During interactive manipulation, sensorimotor coordination processes should be continuously regulated with respect to the mutual human–robotic behavior, hence attentional mechanisms [27, 33, 35] can play a crucial role. Indeed, they can direct sensors towards the most salient sources of information, filter the sensory data, and provide implicit coordination mechanisms to orchestrate and prioritize concurrent/cooperative activities. In this perspective, an attentional system should be exploited not only to monitor the interactive behavior, but also to guide and focus the overall executive control during the interaction.

Attentional mechanisms in HRI have been proposed mainly focusing on visual and joint attention [7, 8, 28, 29, 32, 39, 47]. In these works, the authors introduce and analyze joint visual attentional mechanisms (eye gaze, head/body orientation, pointing gestures, etc.) as implicit nonverbal communication instruments used to improve the quality of the human–robot communication and social interaction. In contrast, we focus our interest on executive attention [36] proposing the deployment of a supervisory attentional system [17, 33] that supports safe and natural human–robot interaction and effective task execution during human-aware manipulation. The achievement of this goal is very desirable in SR, where social acceptability and safety earn a role of primary importance.
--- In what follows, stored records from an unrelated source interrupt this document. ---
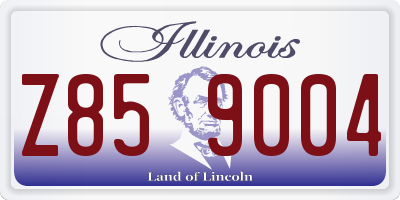 IL license plate Z859004
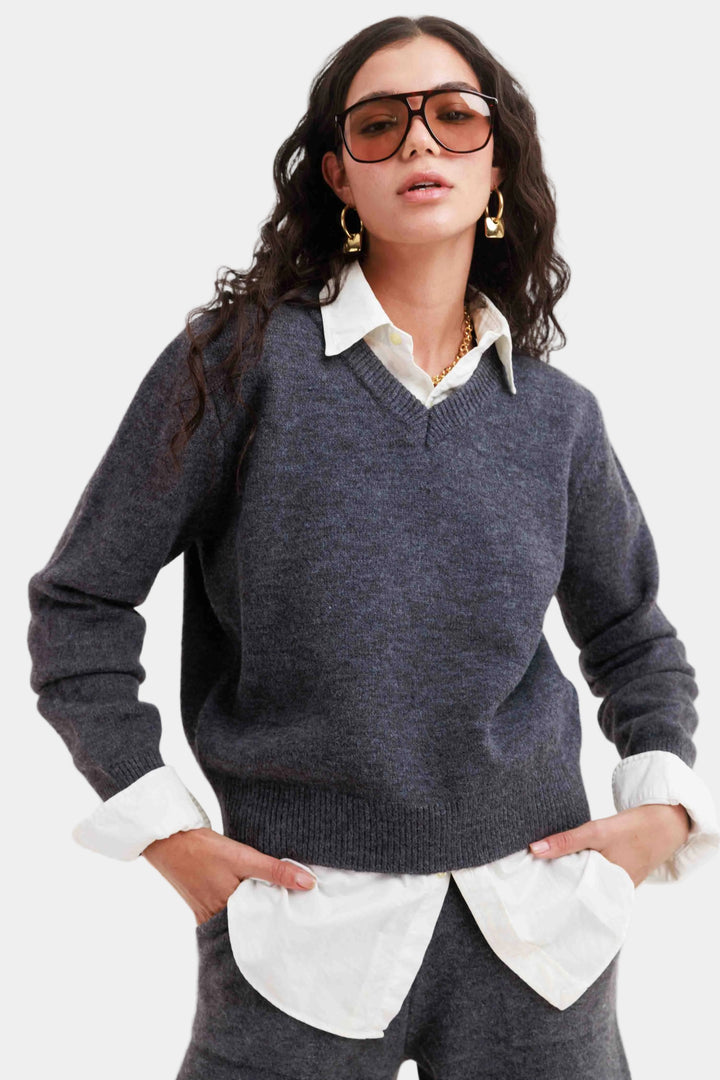 חליפת שרלין - אפור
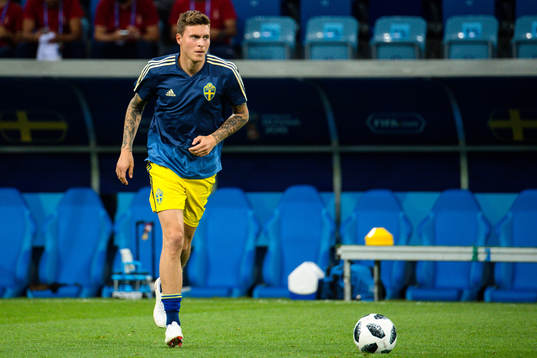 Victor Nilsson Lindelöf of Sweden prior the FIFA World Cup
Our attentional system is designed as an extension of a reactive behavior-based architecture (BBA) [4, 9] endowed with bottom-up attentional mechanisms capable of monitoring multiple concurrent processes [27, 40]. For this purpose, we assume a frequency-based approach to attention allocation [40] extended to the executive attention. This approach is inspired by [34], where the attentional load due to the accomplishment of a particular task is defined as the quantity of attentional time units devoted to that particular task, and by [40], where attentional allocation mechanisms are related to the sampling rate needed to monitor multiple parallel processes. More specifically, we introduce attentional allocation mechanisms [15], which allow the robot to regulate the resolution at which multiple concurrent processes are monitored and controlled. This is obtained by modulating the frequency of sensory sampling rates and the speed associated with the robot movements [14, 15, 24]. Following this approach, we consider interactive manipulation tasks like pick and give, receive and place, or give and receive. In this context, the attentional allocation mechanisms are regulated with respect to the humans’ dispositions and activities in the environment, taking into account safety and effective task execution. The human–robot interaction state is monitored and assessed through costmaps [30], which evaluate HRI requirements like human safety, reachability, interaction comfort, and field of view. This costmap-based representation provides a uniform assessment of the human–robot interactive state, which is shared by the motion planner and the attentional executive system. Indeed, the costmap-based representation allows the robot manipulation planner and arm controller to generate and to execute human-aware movements. On the other hand, the attentional executive system exploits the cost assessment to regulate the strategies for activity monitoring, action selection, and velocity modulation.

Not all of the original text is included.